### TASK DESCRIPTION
Quote the entries that follow exactly, leaving none out.

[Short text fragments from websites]
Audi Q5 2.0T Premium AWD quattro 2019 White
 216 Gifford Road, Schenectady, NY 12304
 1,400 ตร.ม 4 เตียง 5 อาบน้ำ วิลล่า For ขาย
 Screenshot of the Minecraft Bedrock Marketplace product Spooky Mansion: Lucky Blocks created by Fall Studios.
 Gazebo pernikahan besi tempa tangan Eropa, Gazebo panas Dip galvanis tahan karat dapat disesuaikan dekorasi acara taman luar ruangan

### RESPONSE AREA
Audi Q5 2.0T Premium AWD quattro 2019 White
 216 Gifford Road, Schenectady, NY 12304
 1,400 ตร.ม 4 เตียง 5 อาบน้ำ วิลล่า For ขาย
 Screenshot of the Minecraft Bedrock Marketplace product Spooky Mansion: Lucky Blocks created by Fall Studios.
 Gazebo pernikahan besi tempa tangan Eropa, Gazebo panas Dip galvanis tahan karat dapat disesuaikan dekorasi acara taman luar ruangan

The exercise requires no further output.